For a foreign buyer looking at Andalucia in 2026, the single figure that most often gets miscalculated is the purchase tax. It is not one rate. The amount owed depends on whether the property is a resale or a new build, and the two paths follow entirely separate parts of the Spanish tax code. Getting the distinction right at the offer stage, rather than at completion, is what keeps a budget honest.

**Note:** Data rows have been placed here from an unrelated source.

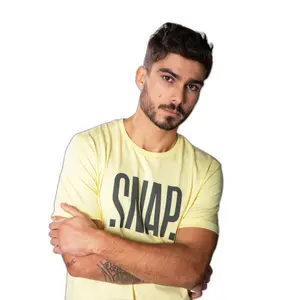 Logo T-shirt Snap Climbing image-3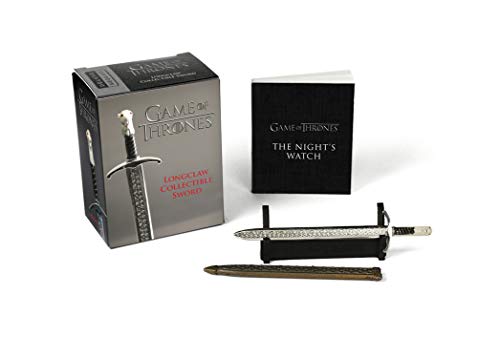 Algopix Similar Product 7 - Game of Thrones Longclaw Collectible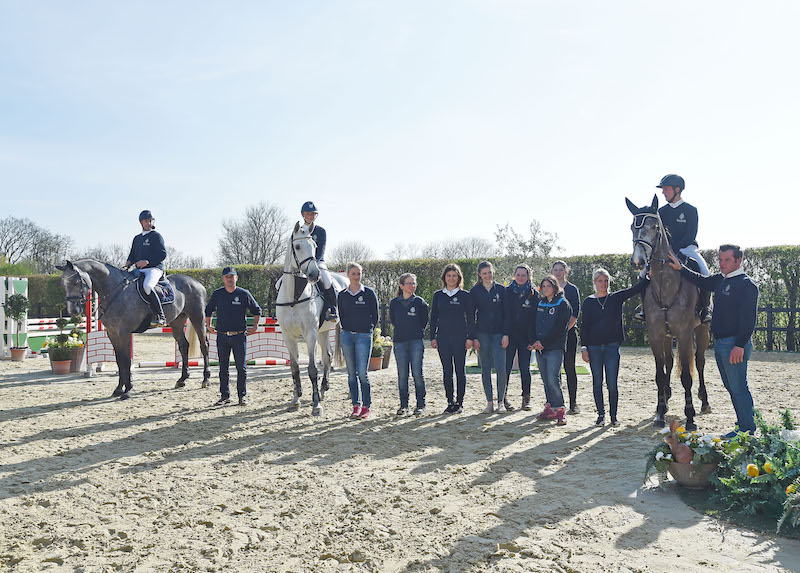 Holzeders Hengste begeistern – Volles Haus in Malching zur Hengstschau mit Charity-Auktion und Party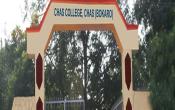 Chas College Entrance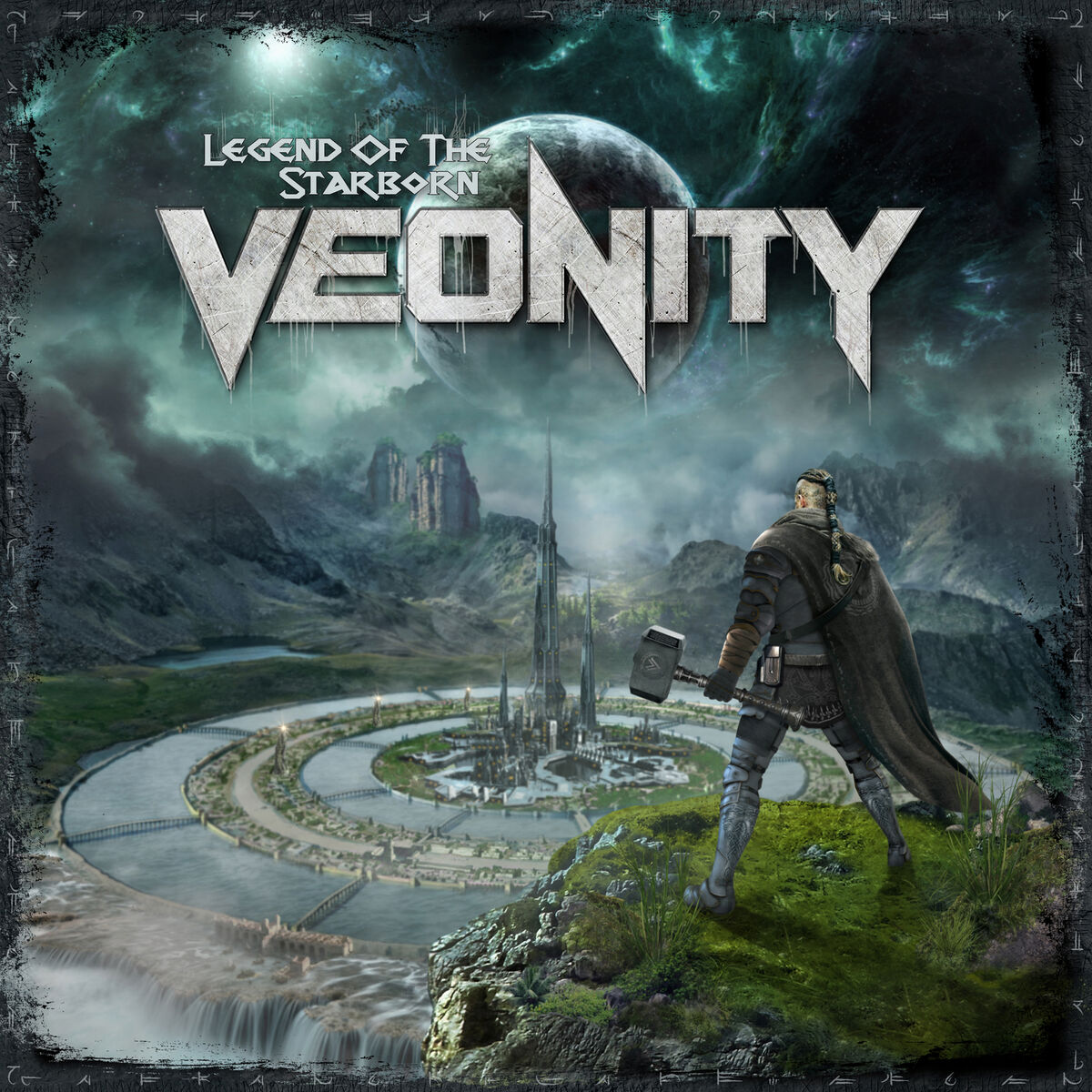 Album cover of Legend of the Starborn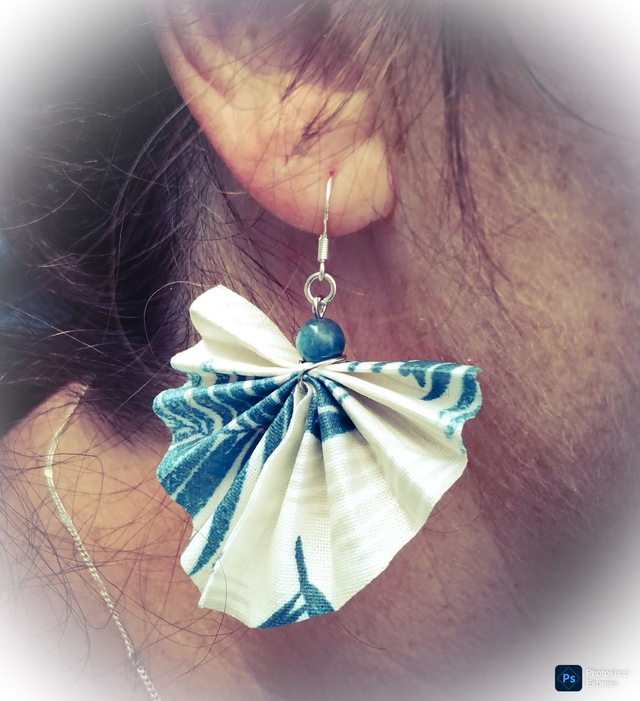 Éventail coton enduit  (1)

Resale property and the transfer tax
A resale home, meaning any property that has been sold at least once before, attracts Impuesto sobre Transmisiones Patrimoniales, the property transfer tax known as ITP. Andalucia holds its general ITP rate at a flat 7 per cent for 2026, applied to the declared purchase price. On a resale apartment at 850,000 euros, that is 59,500 euros in transfer tax alone, payable within thirty days of signing the title deed at the notary.
The flat structure matters. Some Spanish regions still operate sliding scales that push the marginal rate higher on more expensive homes. Andalucia does not, which is one reason the western Costa del Sol has stayed competitive against comparable coastal markets. A buyer comparing a resale in the Marbella area against one elsewhere in Spain should confirm the applicable regional rate rather than assume a national figure.
New build property and VAT
A new build bought directly from a developer follows a different route. There is no ITP. Instead the buyer pays IVA, Spanish VAT, at 10 per cent on residential property, plus Actos Juridicos Documentados, the stamp duty on the deed, which Andalucia currently sets at 1.2 per cent. Combined, that is 11.2 per cent on a new build against 7 per cent on an equivalent resale.
The gap is real money at the price points common in this market. On a 1.2 million euro purchase, the new build tax load is roughly 134,400 euros, compared with 84,000 euros on a resale at the same price. That does not make one option better than the other, because a new build and a resale are rarely like for like on specification, warranty or location. It does mean the tax line has to be modelled separately for each shortlisted property rather than carried across as a single assumption. Anyone weighing both routes while browsing marbella property for sale will want the tax comparison drawn up before, not after, an offer is agreed.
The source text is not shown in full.